Common Sense: Is It Really All That Common Among Young People?

by Linda Lyons

Thousands of onlookers gathered along the streets of Ann Arbor, Mich., on April 17, to watch University of Michigan students perform their annual rite of spring -- the Naked Mile run. Many were disappointed. In past years, the event -- which first took place in 1986, and which university officials have historically condemned as illegal and dangerous -- has drawn hundreds of runners in the buff. Participation has steadily declined in recent years; this year, only about 20 runners showed up, and most of them ran in their underwear.

Whatever the reason for the decline of the Naked Mile, it suggests the question: Is the current generation of young adults more sensible than they're often given credit for? The answer depends on whom you ask. When asked in a 2000 Gallup Youth Survey* if, "young people today are more levelheaded and have more common sense than young people did, say, 25 years ago, or not," teens are evenly divided on the issue -- 44% said yes and 47% said no.

But when adults were asked the same question in October 2000**, they did not equivocate. A solid majority, 66%, said that young people today do not have as much common sense as those 25 years ago, and 12% said that young people's amount of common sense has stayed about the same. Only 19% said that young people today are more sensible than those of the previous generation. Adult confidence in the sensibility of modern youth seems to have decreased drastically in the past 50 years. When Gallup asked the same question in 1949, 42% of adults said young people today are more levelheaded than those of the past.

Many Gallup Youth Surveys appear to support the idea that teens today are more sensible than teens in the 1970s. As has been previously reported (see Related Items at right), the percentage of high school teens who smoke cigarettes, drink alcohol and experiment with marijuana has declined dramatically over the last two decades -- as much as 50% in each of the categories. Sixty-three percent (63%) of teens today plan to attend college full time, compared to only 46% of teens in 1983. And today's high school teens would prefer to be known as the "top student in their class" rather than a jock or the best-looking boy or girl.

As for the University of Michigan students who chose not to run the Naked Mile (or at least decided to don underwear beforehand) -- their decision may have had as much to do with the university's weeks-long campaign to discourage students from running as it did with the very sensible fear of being groped, videotaped, arrested or worse -- reported to their parents.

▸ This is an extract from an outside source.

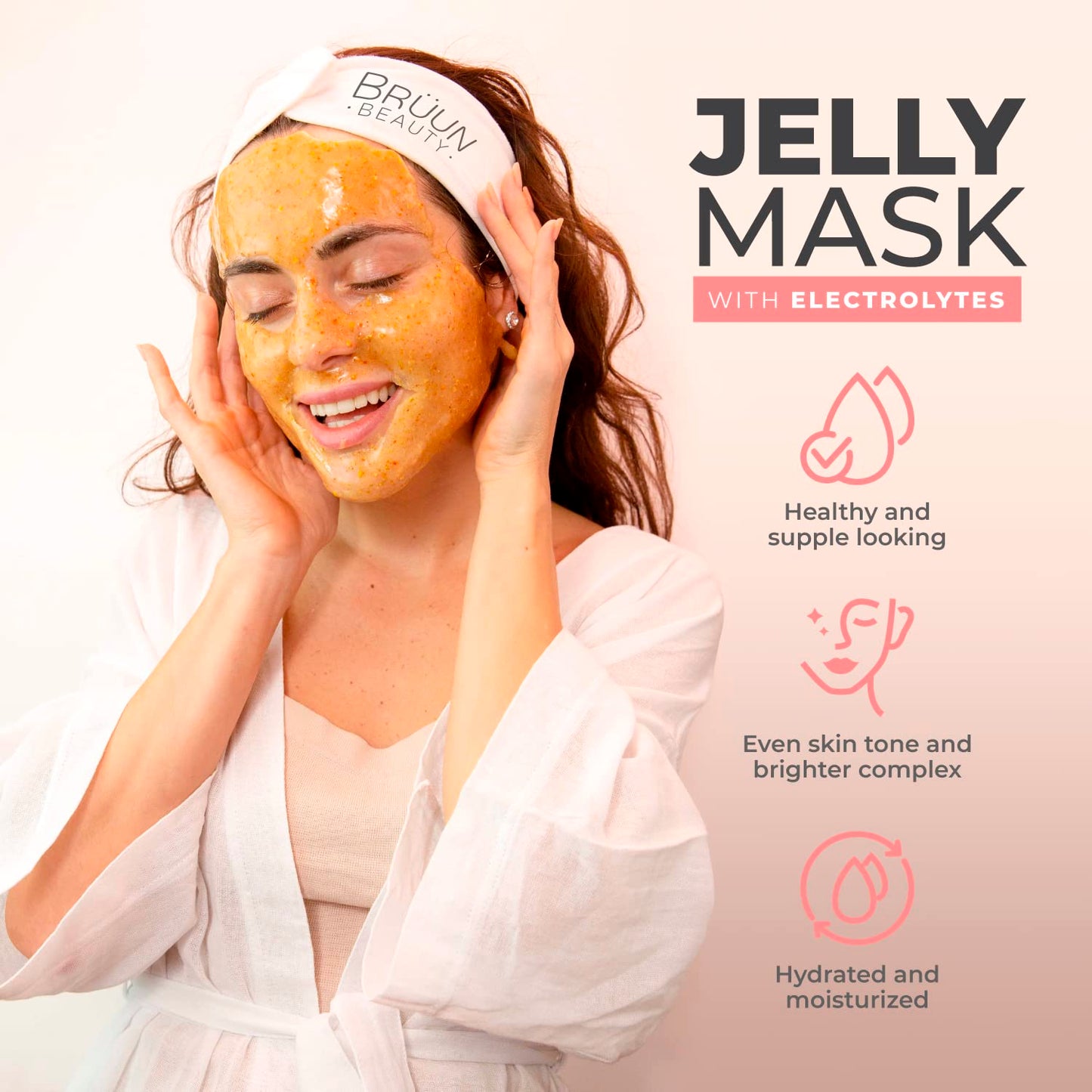 Peel-Off Jelly Mask Premium Modeling "Rubber Mask" Spa Set - 10 Treatments (24k Gold, Lavender, Kiwi, Peppermint, Egyptian Rose, Matcha, Chamomile, Tea tree, Jazmine)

*Findings for teens are based on telephone interviews with a representative national sample of 501 teen-agers, aged 13 to 17, conducted December 2000 through February 2001. For results based on this sample, one can say with 95% confidence that the margin of sampling error is ±5%.

**Findings for adults are based on telephone interviews with a representative sample of 1,004 adults, 18 years and older, conducted in October 2000. For results based on the total sample of national adults, one can say with 95% confidence that the margin of sampling error is ±3%.